Plumbing the cliched faux-couple act to new depths, the makers actually get the couple married - with wedding finery, witnesses, photographers, mangalasuram and all. Sandhya continues to think she's making the family happy, the family doesn't know this is a lie, and Chandu doesn't care. The bride and the groom, in their own separate ways, seem to think nothing of the significance of this "event", or even its long-term implications. So much for "traditional family values", eh?
Meanwhile, Chandu is bewildered by his family's showering of love. He is grossed out when an aunt feeds him pappannam
with her hands, and is puzzled when another hides excruciating appendix pain to not inconvenience her family. After a sugar-drippy sequence in which Chandu understands the value of family, the unthinkable happens.
You realize that this is only half the movie.
After the interval, Chandu realizes that he loves Sandhya. This realization he comes to when Sandhya gives him the thali
, as though she were discarding a costume. But before he can come clean with her and confess his feelings, Chandu's ex-flame (Meera Chopra), who he had treated like one would treat a bunch of curry leaves in a plate of pulihara
, tells Sandhya all about his past.
What follows is silliness of different layers, interspersed with more silliness. Sandhya is pissed with Chandu, he joins her social work, and together, they go to computer-generated tourist places all over the US. Including NASA. (Also, evidently, the Make-A-Wish Foundation doesn't mind breaking security rules and US law to grant kids their final wishes, even if it means putting them in mortal danger.)

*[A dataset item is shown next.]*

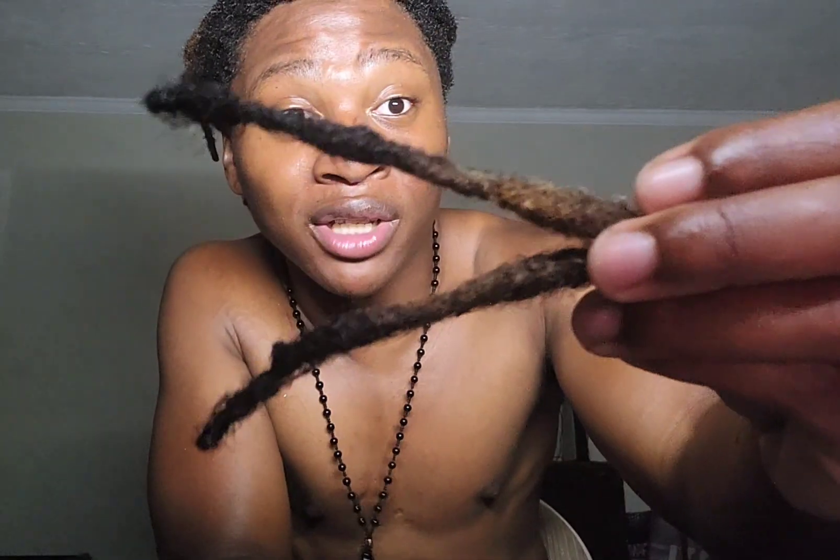I decided no, I'm just going to cut these off and leave my other dreads alone. Just these two right here I cut off. These dreads in the front — these were in the front. They were looking like antennas, like you've got me looking like an ant. You feel me?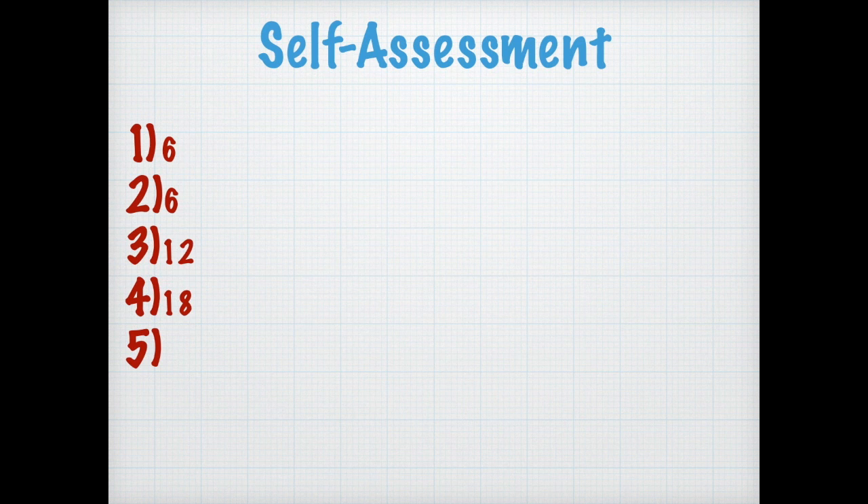Okay, here's all the answers. Are you ready? If you got them right, you got them right. If you didn't, you didn't. We're going to be practicing these because guess what? It's your sixes and your twos. Number one, you should have gotten six. Number two, six. Number three... Okay, you following along?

Towards the end, each scene turns out to be worse than its predecessor. In the end, one eligible suitor (Vennela Kishore) for Sandhya is added, and then unceremoniously subtracted, before all the families involved coolly accept that Chandu and Sandhya are meant to be together.
Just in case you're not staying entertained, M S Narayana, Kovai Sarala, Brahmanandam and Dharmavarapu keep sauntering in with "comedy".
Greeku Veerudu's story completely fails to move you in any way. The romance isn't beyond the superficial. Besides, it is extremely unrealistic to assume that a woman as sensible as Sandhya (who, by the way, can easily go down in history as one of Telugu cinema's most cerebral heroines) would actually agree to fake a wedding for reasons as flimsy as in the movie.
Also, the film isn't burdened by subtlety. It spends ages establishing Chandu's character, and showcases Sandhya as Mother Teresa reincarnated. Later, relationship lessons are also conveyed through loud but less-than-effective scenes.
Nag is all right as long as he's not dancing. He is quite good as the amoral, opportunistic smooth talker who is deceiving gullible relatives. He's even better as the man utterly confused with the way his family unconditionally loves him, and with his own emotional reactions to life. His is a character well-scripted, and acted-out as well. And
he looks great, of course.
Nayantara makes for a very good consort for all these agein... err... senior actors. She's in a refreshingly strong as well as down-to-earth role in Greeku Veerudu, and is a picture of elegance.
The cast consists of respectable names. K Viswanath, Ashish Vidyarthi and the others contribute to this movie with their respective abilities, but none of them can undo the damage done by the script. Naga Babu, yester-year actress Geetanjali and Sarath Babu are also part of the film.
Thaman's music is a a good accompaniment, but too generic and forgettable. The visuals are not impressive, especially the cheesy computer-generated backdrops.
You can connect a triad of dots to draw a triangle, or you can use an extra couple of grey cells to draw a circle with them. The makers of Greeku Veerudu did neither. They somehow ended up with a straight line.
In all, an okay film for the families, in the sense that it doesn't have any adult content. But otherwise, just a lengthy advertisement for the Make-A-Wish Foundation.